_Your task_:
Gather, from the data below, each line in which the word "Black" occurs.

[Opening Data excerpts section]

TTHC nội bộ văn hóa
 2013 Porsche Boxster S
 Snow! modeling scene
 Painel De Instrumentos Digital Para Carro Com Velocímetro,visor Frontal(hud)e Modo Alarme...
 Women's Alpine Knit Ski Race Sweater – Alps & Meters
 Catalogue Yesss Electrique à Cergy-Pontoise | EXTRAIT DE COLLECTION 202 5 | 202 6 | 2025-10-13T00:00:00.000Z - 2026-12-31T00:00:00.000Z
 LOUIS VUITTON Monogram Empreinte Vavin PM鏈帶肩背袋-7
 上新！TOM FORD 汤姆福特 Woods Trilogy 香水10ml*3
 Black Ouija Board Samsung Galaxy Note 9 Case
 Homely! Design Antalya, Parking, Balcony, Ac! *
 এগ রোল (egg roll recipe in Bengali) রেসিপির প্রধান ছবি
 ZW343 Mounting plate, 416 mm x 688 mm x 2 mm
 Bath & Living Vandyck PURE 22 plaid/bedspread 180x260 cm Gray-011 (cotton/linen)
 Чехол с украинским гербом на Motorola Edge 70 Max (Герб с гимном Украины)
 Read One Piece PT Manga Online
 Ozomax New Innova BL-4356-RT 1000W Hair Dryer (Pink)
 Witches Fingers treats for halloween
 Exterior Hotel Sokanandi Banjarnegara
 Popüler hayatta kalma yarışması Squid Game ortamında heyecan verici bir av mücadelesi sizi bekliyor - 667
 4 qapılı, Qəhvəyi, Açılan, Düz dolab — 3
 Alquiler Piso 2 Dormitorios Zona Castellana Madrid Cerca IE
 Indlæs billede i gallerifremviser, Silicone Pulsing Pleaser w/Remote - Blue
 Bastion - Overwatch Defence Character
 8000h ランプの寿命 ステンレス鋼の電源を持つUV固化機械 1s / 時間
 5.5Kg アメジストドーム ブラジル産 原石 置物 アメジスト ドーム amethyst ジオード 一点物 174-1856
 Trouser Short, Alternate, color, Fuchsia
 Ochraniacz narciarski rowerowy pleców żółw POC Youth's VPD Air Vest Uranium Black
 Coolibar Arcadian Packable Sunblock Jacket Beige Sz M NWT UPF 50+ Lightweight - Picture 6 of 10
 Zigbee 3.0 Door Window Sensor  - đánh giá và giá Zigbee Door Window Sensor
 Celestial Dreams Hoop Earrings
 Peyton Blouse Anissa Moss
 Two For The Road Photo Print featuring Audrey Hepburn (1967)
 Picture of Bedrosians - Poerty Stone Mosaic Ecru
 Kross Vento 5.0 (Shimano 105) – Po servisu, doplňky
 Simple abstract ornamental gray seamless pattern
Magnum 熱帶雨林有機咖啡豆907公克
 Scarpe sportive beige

[Closing Data excerpts section]

_Result of the task_:
 Black Ouija Board Samsung Galaxy Note 9 Case
 Ochraniacz narciarski rowerowy pleców żółw POC Youth's VPD Air Vest Uranium Black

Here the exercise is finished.